Гоголь, как это видно из вышеприведенных свидетельств, не только читал Лермонтова, но и знал его лично. Говорят, что и Пушкин читал Лермонтова, но в глаза не видел. Так же как Лермонтов Пушкина. Висковатов приводит высказывание Владимира Глинки о том, что якобы, прочитав некоторые стихи Лермонтова, Пушкин признал их "блестящими признаками высокого таланта". Белинский вскользь замечает, что Пушкин застал и якобы оценил талант Лермонтова. Все это, может быть, правда, по мы предпочли бы иметь на руках какое-либо письмо Александра Пушкина, адресованное, например, Краевскому.

Бывал в эти дни поэт и в доме Мартыновых в Москве. Имеются воспоминания князя Мещерского, в которых он описывает свою встречу с Лермонтовым в семье Мартыновых. (В это время сам Мартынов был на Кавказе.) Говорят, Мартынов перешел из гвардии в драгуны главным образом из-за великолепной кавалерийской формы. "Я видел Мартынова в этой форме, – пишет князь Мещерский, – она шла ему превосходно. Он очень был занят своей красотой…" Это любопытное замечание: "был занят своей красотой…" И это о мужчине, об офицере! И заметьте – ни слова об уме, о духовных способностях. И такое не только у князя Мещерского, но и во всех других воспоминаниях о Мартынове.

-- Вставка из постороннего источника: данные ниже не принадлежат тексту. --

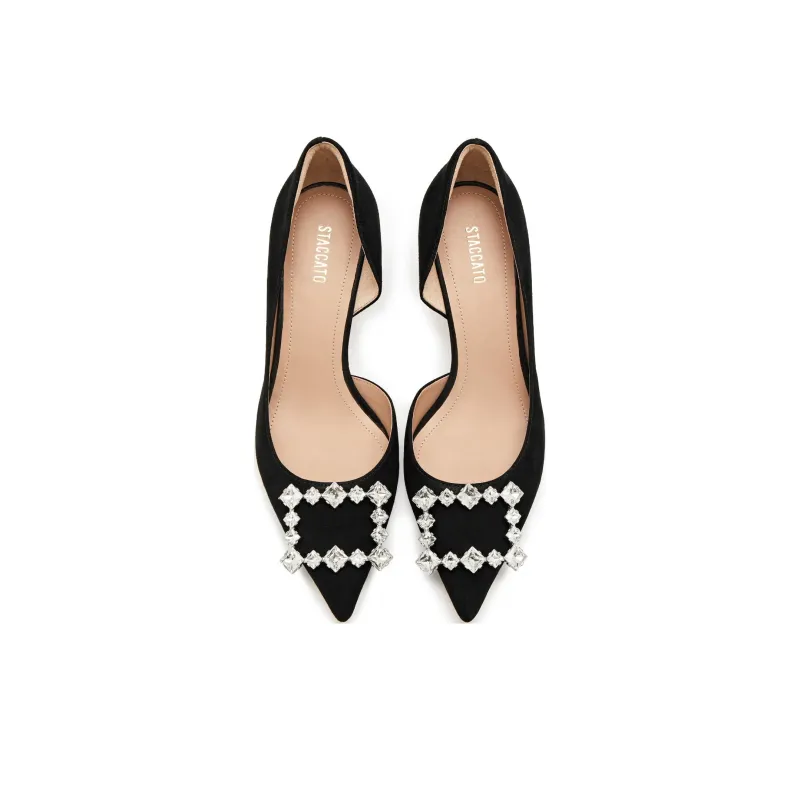 Staccato Sugar Cube Shoe Slim Heel Pointed Toe Crystal High Heels 7cm Women's-11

Однажды, войдя в гостиную Мартыновых, Мещерский "заметил среди гостей какого-то небольшого роста пехотного армейского офицера, в весьма нещегольской армейской форме, с красным воротником без всякого шитья". Мещерский признается, что не обратил внимания на "бедненького офицера". Офицер, решил он, попал сюда, в "чуждое ему общество", совершенно случайно… Вечер шел своим чередом. "Я уже было совсем забыл о существовании этого маленького офицера, – продолжает князь Мещерский, – когда случилось так, что он подошел к кружку тех дам, с которыми я разговаривал. Тогда я пристально посмотрел на него и так был поражен ясным и умным его взглядом, что с большим любопытством спросил об имени незнакомца. Оказалось, что этот скромный армейский офицер был не кто иной, как поэт Лермонтов". Надо отдать должное князю: он умел подмечать самое главное в человеке. И он точно уловил разницу в характере и поведении Лермонтова и Мартынова.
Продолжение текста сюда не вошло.